- Badan Pusat Statistik mencatat pertumbuhan ekonomi Indonesia triwulan II-2026 mencapai 5,29 persen secara tahunan.
- Konsumsi pemerintah melonjak 15,97 persen akibat kenaikan belanja pegawai serta program pemerintah termasuk Makan Bergizi Gratis.
- Konsumsi rumah tangga tetap menjadi sumber andalan terbesar bagi pertumbuhan ekonomi nasional pada periode tersebut.
Suara.com - Badan Pusat Statistik (BPS) mencatat pertumbuhan ekonomi Indonesia pada triwulan II-2026 mencapai 5,29 persen secara tahunan (year-on-year).
Meski lebih tinggi dibandingkan periode yang sama tahun lalu yang tumbuh 5,12 persen, capaian tersebut masih lebih rendah dibandingkan pertumbuhan ekonomi triwulan I-2026 yang mencapai 5,61 persen.
Padahal, pada periode April-Juni 2026, ekonomi mendapat dorongan kuat dari konsumsi pemerintah yang melonjak 15,97 persen secara tahunan. Komponen tersebut menjadi pertumbuhan tertinggi di antara seluruh komponen pengeluaran.
Deputi Bidang Neraca dan Analisis Statistik BPS, Moh Edy Mahmud, mengatakan, kenaikan konsumsi pemerintah ditopang oleh peningkatan realisasi belanja pegawai, belanja barang dan jasa, hingga penyaluran program pemerintah kepada masyarakat.
"Komponen pengeluaran yang tumbuh tinggi yaitu konsumsi pemerintah, didorong oleh peningkatan realisasi belanja pegawai serta belanja barang dan jasa pada triwulan ini," kata Edy dalam konferensi pers di Kantor BPS Pusat, Jakarta, Selasa (5/8/2026).
Menurut dia, peningkatan belanja pegawai dipengaruhi pembayaran gaji ke-13 bagi aparatur sipil negara (ASN), TNI, Polri, serta percepatan pembayaran tunjangan tenaga pendidik non-PNS.

Sementara dari sisi belanja barang dan jasa, pemerintah meningkatkan penyaluran berbagai program kepada masyarakat, salah satunya Program Makan Bergizi Gratis (MBG).
Lebih lanjut, Edy mengungkapkan realisasi anggaran MBG hingga Juni 2026 mencapai Rp98,8 triliun. Dari jumlah tersebut, sekitar Rp44,7 triliun direalisasikan pada triwulan II-2026.
Menurut dia, lonjakan realisasi MBG dibandingkan periode yang sama tahun sebelumnya ikut memperbesar konsumsi pemerintah sehingga memberi dorongan terhadap pertumbuhan ekonomi.
"Kalau realisasinya bertambah, tentu realisasi belanja pemerintah ini akan berpengaruh terhadap pertumbuhan ekonomi itu sendiri. Semakin besar realisasinya, tentu akan berpengaruh karena setiap rupiah yang dibelanjakan pemerintah masuk ke dalam dunia usaha, dan itu berputar dan akan berdampak positif terhadap pertumbuhan ekonomi," bebernya.
BPS mencatat, konsumsi pemerintah menyumbang 1,07 persen terhadap pertumbuhan ekonomi nasional pada triwulan II-2026.

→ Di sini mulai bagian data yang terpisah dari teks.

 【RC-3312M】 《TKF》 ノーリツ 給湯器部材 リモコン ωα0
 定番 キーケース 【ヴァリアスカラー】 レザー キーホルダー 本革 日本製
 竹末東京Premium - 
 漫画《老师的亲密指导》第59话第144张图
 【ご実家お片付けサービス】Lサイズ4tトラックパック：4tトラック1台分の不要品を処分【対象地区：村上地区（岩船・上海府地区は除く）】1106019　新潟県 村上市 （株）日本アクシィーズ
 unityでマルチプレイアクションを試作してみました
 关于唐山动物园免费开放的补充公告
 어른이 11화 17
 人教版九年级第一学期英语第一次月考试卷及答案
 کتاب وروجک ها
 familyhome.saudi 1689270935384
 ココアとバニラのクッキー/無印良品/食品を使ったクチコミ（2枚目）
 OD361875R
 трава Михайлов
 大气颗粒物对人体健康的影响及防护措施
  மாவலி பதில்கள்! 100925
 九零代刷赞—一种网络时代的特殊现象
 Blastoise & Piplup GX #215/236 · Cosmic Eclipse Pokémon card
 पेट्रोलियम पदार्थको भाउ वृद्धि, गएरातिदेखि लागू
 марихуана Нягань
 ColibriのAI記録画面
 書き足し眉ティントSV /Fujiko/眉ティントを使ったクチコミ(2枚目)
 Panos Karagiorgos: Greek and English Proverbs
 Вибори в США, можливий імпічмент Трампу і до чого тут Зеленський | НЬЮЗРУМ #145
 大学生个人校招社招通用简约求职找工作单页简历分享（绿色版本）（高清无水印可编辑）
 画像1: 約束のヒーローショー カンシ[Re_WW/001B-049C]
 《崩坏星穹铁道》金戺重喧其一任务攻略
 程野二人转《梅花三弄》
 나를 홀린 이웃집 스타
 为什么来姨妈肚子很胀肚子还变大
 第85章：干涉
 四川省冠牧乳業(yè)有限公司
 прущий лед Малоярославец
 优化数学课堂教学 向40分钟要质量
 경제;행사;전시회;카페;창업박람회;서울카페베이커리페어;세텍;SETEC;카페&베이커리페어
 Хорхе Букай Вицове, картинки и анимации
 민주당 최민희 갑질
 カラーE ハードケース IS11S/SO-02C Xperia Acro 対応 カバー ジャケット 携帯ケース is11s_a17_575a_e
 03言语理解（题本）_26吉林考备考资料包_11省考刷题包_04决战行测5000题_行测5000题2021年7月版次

Namun, sumber pertumbuhan terbesar masih berasal dari konsumsi rumah tangga yang memberikan andil 2,67 persen, disusul Pembentukan Modal Tetap Bruto (PMTB) sebesar 2,06 persen.
Secara keseluruhan, ekonomi Indonesia pada triwulan II-2026 tumbuh 5,29 persen secara tahunan, sedangkan secara kuartalan (quarter-to-quarter) tumbuh 3,73 persen dan secara kumulatif semester I-2026 mencapai 5,45 persen.